Leur entraîneur référent Sébastien Deleigne fut le premier appelé à la barre. A la même période, ils ont fait une mauvaise pioche en s’approchant de Tullius Detritus, le semeur de zizanie dans Astérix et Obélix, obscur personnage qui a failli faire exploser leur couple et leur projet… 

Elodie Clouvel :
On avait bien conscience de l’importance de nous appuyer sur les bonnes personnes pour nous accompagner dans cette aventure. Mais je me suis fait avoir à accorder ma confiance à une personne malveillante et j’ai pris un terrible retour de bâton.
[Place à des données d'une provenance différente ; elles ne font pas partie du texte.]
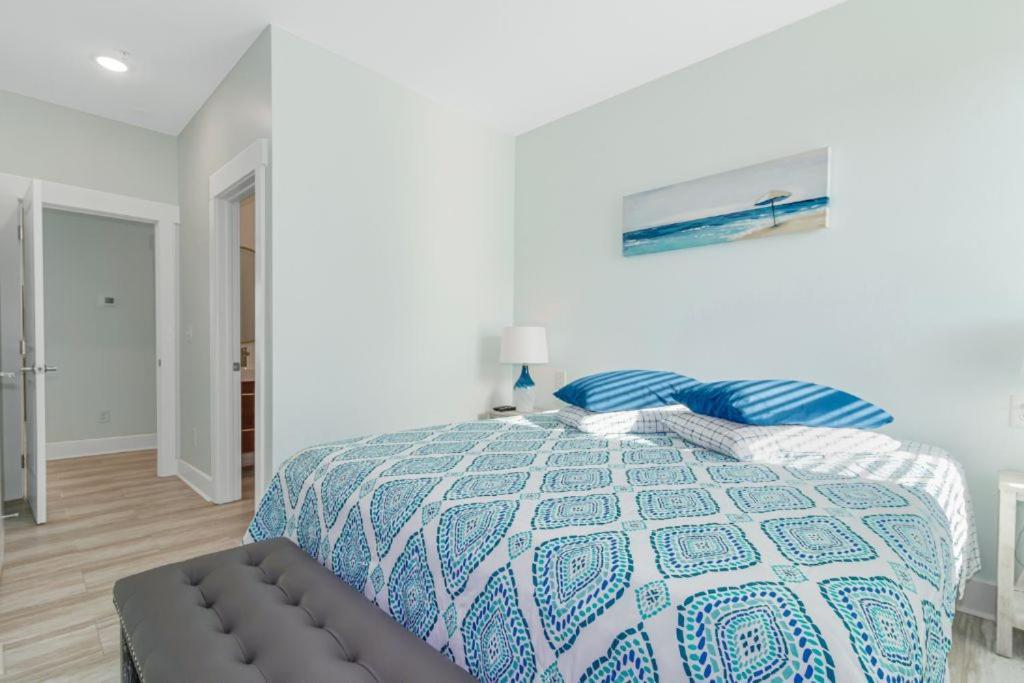 1209 S Ocean By Together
Heureusement que l’on nous a aidé à ouvrir les yeux.

C’est quoi une personne malveillante ?

Valentin Belaud : 
Un entraîneur qu’on a dû dégager qui nous a manipulé, volé de l’argent.

Elodie Clouvel : 
Violé psychologiquement.

Valentin Belaud :
Moralement

Elodie Clouvel : 
Je lui ai donné tout à ce type.

Valentin Belaud :
C’était une connaissance des parents d’Elodie mais ils ne le connaissaient pas bien.

Elodie Clouvel : 
Un gourou qui pouvait faire ce qu’il voulait de moi. 

Valentin Belaud : 
La France reconnait le viol physique mais pas encore psychique.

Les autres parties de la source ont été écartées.